Failing on Linkedin authwall
Trying to parse Linkedin, it fails at the /authwall page.
Here is the TOML snippet:
[linkedin-linkedin]
title = "Linkedin Test"
url = "https://www.linkedin.com/company/linkedin"
entrySelector = "ul.updates__list li"
titleSelector = "a[data-tracking-control-name='organization_guest_main-feed-card_feed-actor-name']"
linkSelector = "a.main-feed-card__overlay-link"
waitForSelector = "ul.updates__list"
and this is what the Gitlab CI output returns, when passing DEBUG=info:
page.waitForSelector: Timeout 30000ms exceeded.
Call log:
- waiting for locator('ul.updates__list') to be visible
- waiting for" https://www.linkedin.com/authwall?trk=bf&trkInfo=AQESgmzRyuBaPQAAAZWUpE8YiQa_HfFLN-uDfAroAVj6SfYqpBqq0QA69rX0WlPmj-rSWFlyd9KL2l2Qz5yPgLtrff0ED4k7mOdmE5Bz4Vu5Uiep3p6Jj8Vd5AMruzAPEwsh6B8=&original_refe…" navigation to finish...
- navigated to "https://www.linkedin.com/authwall?trk=bf&trkInfo=AQESgmzRyuBaPQAAAZWUpE8YiQa_HfFLN-uDfAroAVj6SfYqpBqq0QA69rX0WlPmj-rSWFlyd9KL2l2Qz5yPgLtrff0ED4k7mOdmE5Bz4Vu5Uiep3p6Jj8Vd5AMruzAPEwsh6B8=&original_refe…"

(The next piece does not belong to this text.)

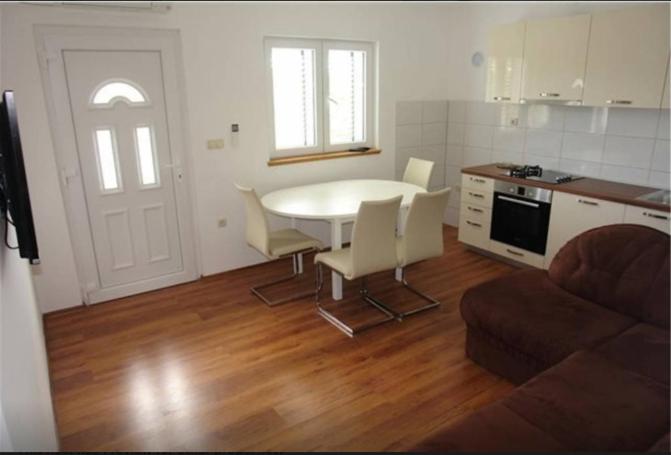 Apartman Marušin - Ferienwohnung Murter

at fetchPageEntries (/root/.npm/_npx/fa12bb8499fb4525/node_modules/feed-me-up-scotty/dist/run.js:128:20)
at async file:///root/.npm/_npx/fa12bb8499fb4525/node_modules/feed-me-up-scotty/dist/run.js:80:33
at async fetchFeedData (/root/.npm/_npx/fa12bb8499fb4525/node_modules/feed-me-up-scotty/dist/run.js:78:25)
at async file:///root/.npm/_npx/fa12bb8499fb4525/node_modules/feed-me-up-scotty/dist/run.js:12:30
at async run (/root/.npm/_npx/fa12bb8499fb4525/node_modules/feed-me-up-scotty/dist/run.js:10:23) {
name: 'TimeoutError'
}
I did observe, that when using Httpie in my local terminal to do http https://www.linkedin.com/company/linkedin, it returns the actual requested page HTML.
However, when doing the same with curl https://www.linkedin.com/company/linkedin, it returns a page with some javascript that does window.location.href = "https://" + domain + "/authwall?trk=….
Why is this happening? Seems like that internal Firefox is being redirected like Curl is, while Httpie can somehow sneak around it? Is this something about the HTTP User-Agent? Can it be replaced?